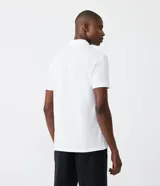 Remera polo de corte comfort, confeccionada en algodón peruano de alta calidad. Presenta cuello clásico con tapeta de botones y mangas cortas. Diseño liso y texturizado, ideal para un look casual y fresco.
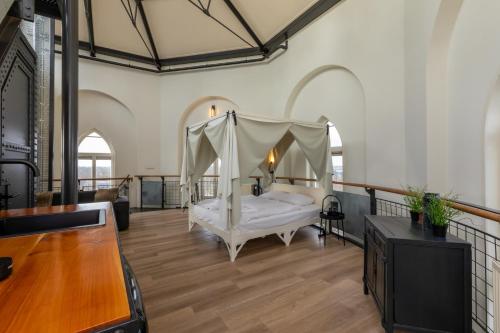 een slaapkamer met een hemelbed bij Watertoren - Molenwater 2a Middelburg in Middelburg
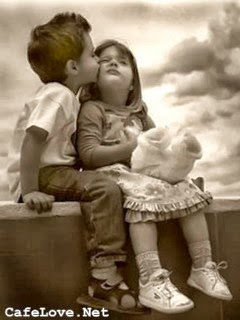 Hình ảnh bé trai hôn bé gái Hình ảnh bé trai hôn bé gái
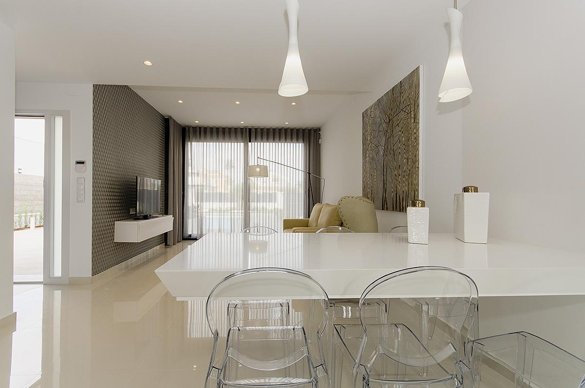 Amay Deluxe Modelo Silvia — Orihuela Costa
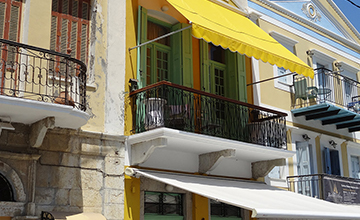 toldo decorativo amarillo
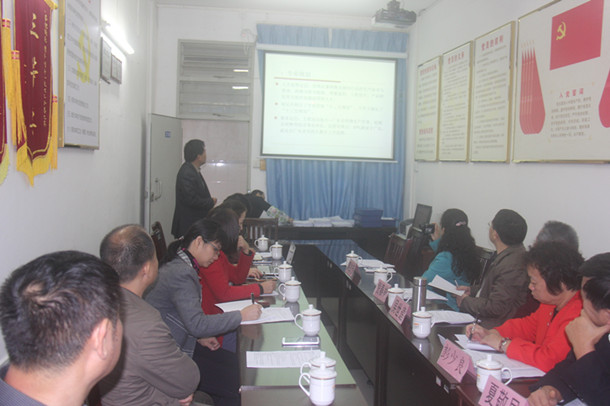 1482999439559413.jpg 化学与环境学院专业评估现场_副本.jpg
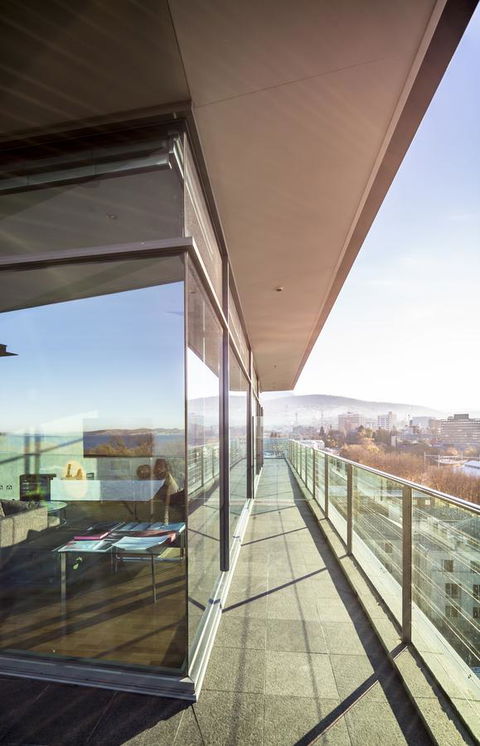 Lenna Of Hobart - Surfers Paradise Gold Coast 31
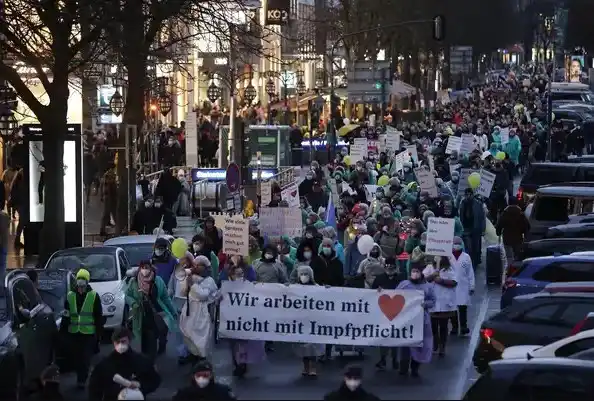 Ayer hubo marchas contra la vacunación obligatoria en varias ciudades europeas.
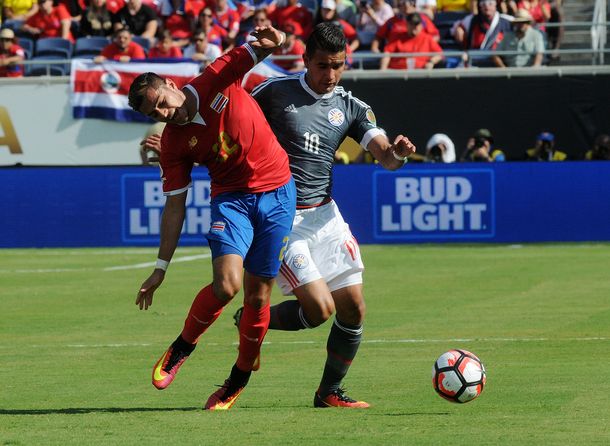Con el intenso calor como protagonista, Paraguay y Costa Rica igualaron sin goles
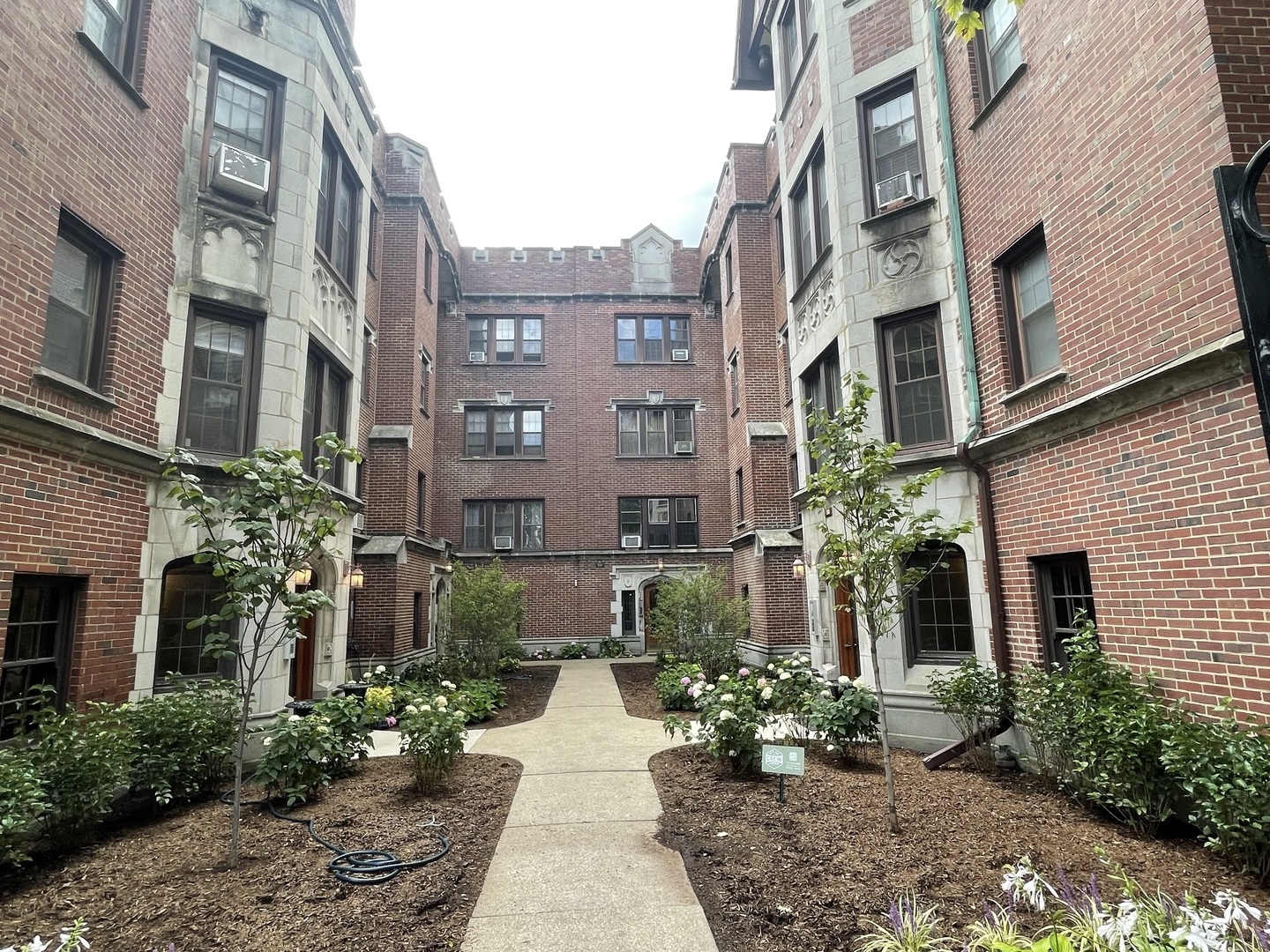 1111 Holly Court Unit: 113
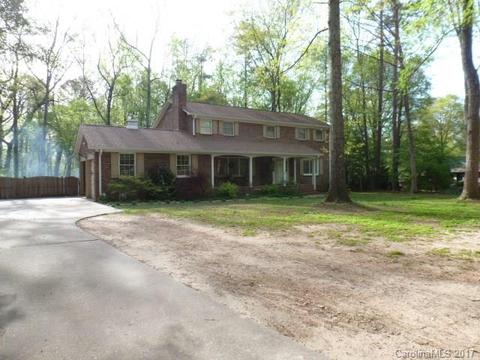 1025 Edgemont Dr, Lancaster, SC 29720 photo 1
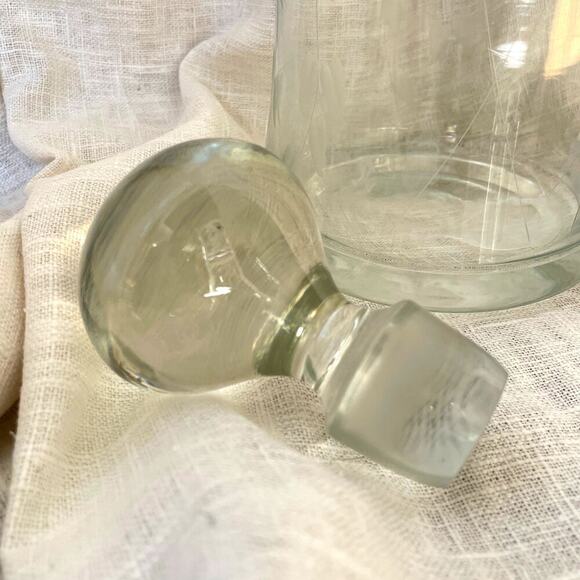 Vintage Romanian Handcrafted Etched Glass Decanter – Danish Design, Heart Motif - Picture 4 of 11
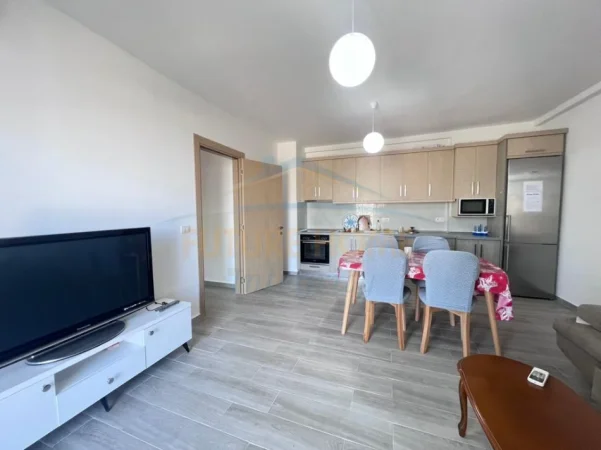 Tirane, jepet me qera apartament 3+1 Kati 3, 115 m² 628 € (Rruga 5 Maji)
......
To do. Pictures stay out; output the lines from the top of the listing above through the line containing "Lenna Of Hobart", exactly as they stand.

Task solution.
 Remera polo de corte comfort, confeccionada en algodón peruano de alta calidad. Presenta cuello clásico con tapeta de botones y mangas cortas. Diseño liso y texturizado, ideal para un look casual y fresco.
 een slaapkamer met een hemelbed bij Watertoren - Molenwater 2a Middelburg in Middelburg
 Hình ảnh bé trai hôn bé gái Hình ảnh bé trai hôn bé gái
 Amay Deluxe Modelo Silvia — Orihuela Costa
 toldo decorativo amarillo
 1482999439559413.jpg 化学与环境学院专业评估现场_副本.jpg
 Lenna Of Hobart - Surfers Paradise Gold Coast 31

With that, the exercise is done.